──────── Provided data

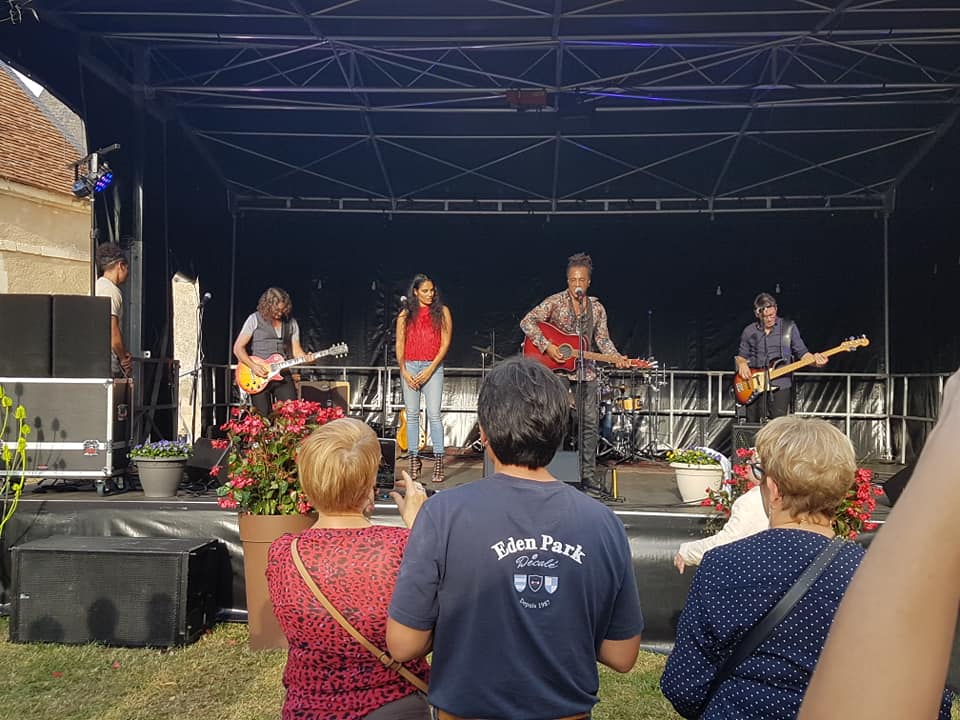 Concert de Roddy Julienne à Argy, le 13 octobre 2019, avec des musiciens sur scène et un public attentionné.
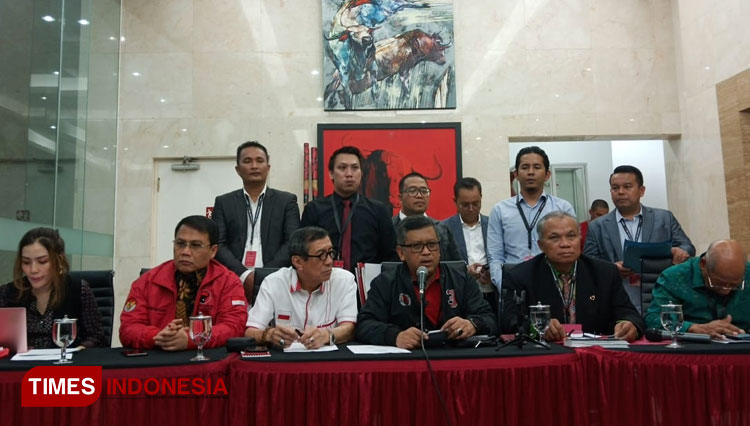 Tim Hukum PDI Perjuangan Kupas Dugaan Penyalahgunaan Wewenang Oknum KPK RI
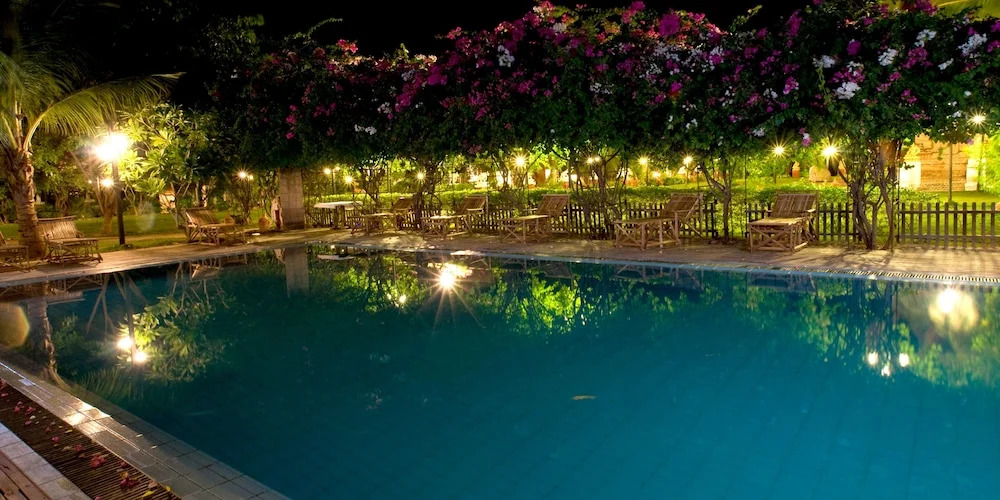 Thazin Garden Hotel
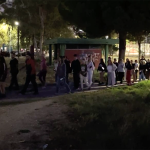 Πλήθος κόσμου στη συγκέντρωση για τη δολοφονία της 25χρονης Πηνελόπης 453624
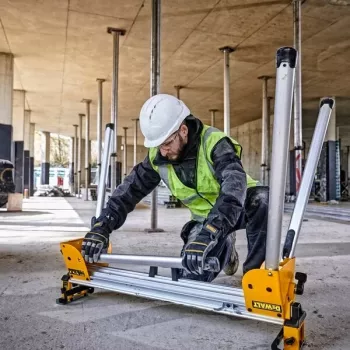 Afkort- en verstekzaagstandaard DeWalt DE7033 — opvouwbare aluminium standaard, 4 poten, uitschuifbaar tot 2,5 m, draagvermogen 227 kg, 16 kg
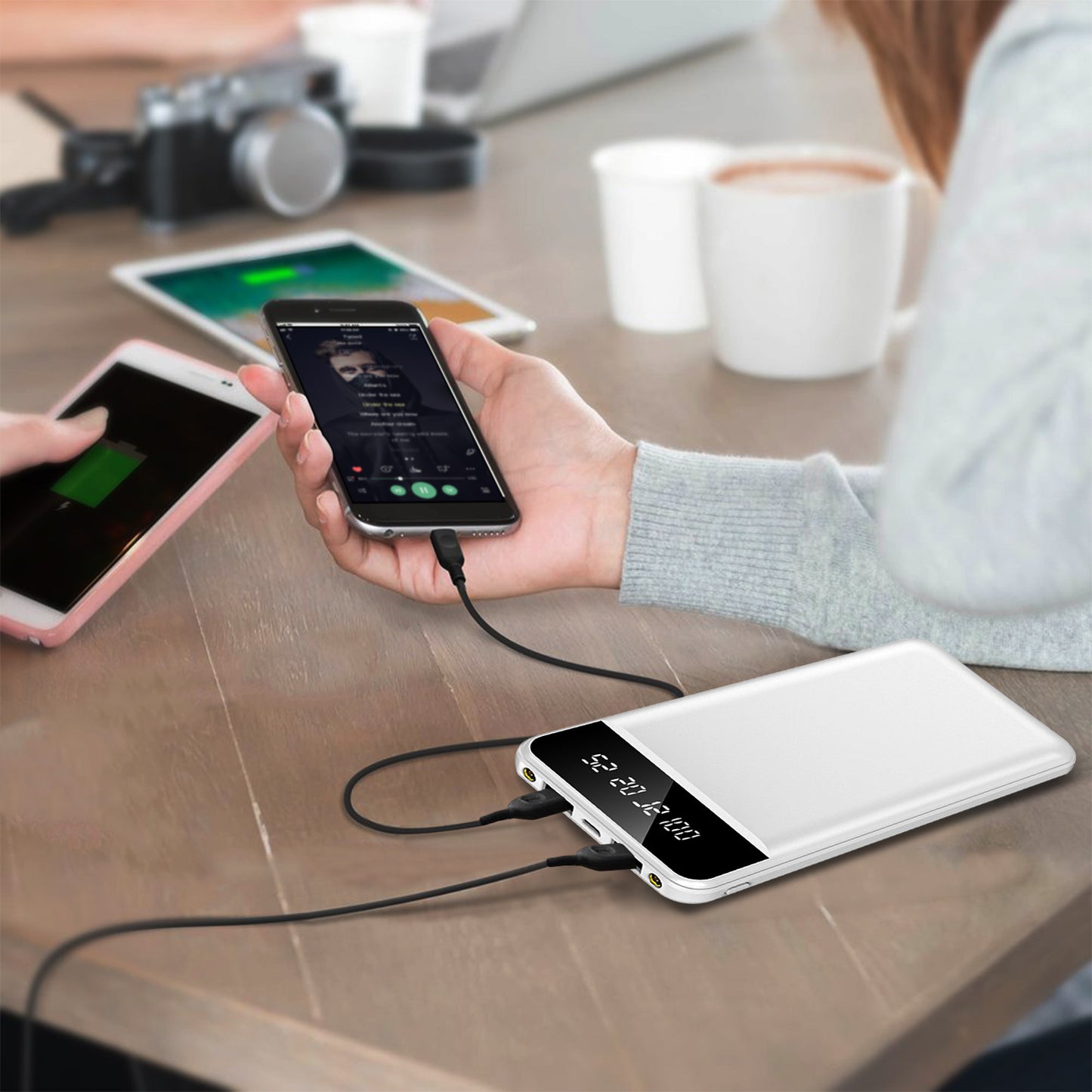 10000mAh Portable Power Bank with Digital Display & Flashlight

────────────────

What to do:
Write the data above out again exactly, minus its pictures.

Result for this task:
 Concert de Roddy Julienne à Argy, le 13 octobre 2019, avec des musiciens sur scène et un public attentionné.
 Tim Hukum PDI Perjuangan Kupas Dugaan Penyalahgunaan Wewenang Oknum KPK RI
 Thazin Garden Hotel
 Πλήθος κόσμου στη συγκέντρωση για τη δολοφονία της 25χρονης Πηνελόπης 453624
 Afkort- en verstekzaagstandaard DeWalt DE7033 — opvouwbare aluminium standaard, 4 poten, uitschuifbaar tot 2,5 m, draagvermogen 227 kg, 16 kg
 10000mAh Portable Power Bank with Digital Display & Flashlight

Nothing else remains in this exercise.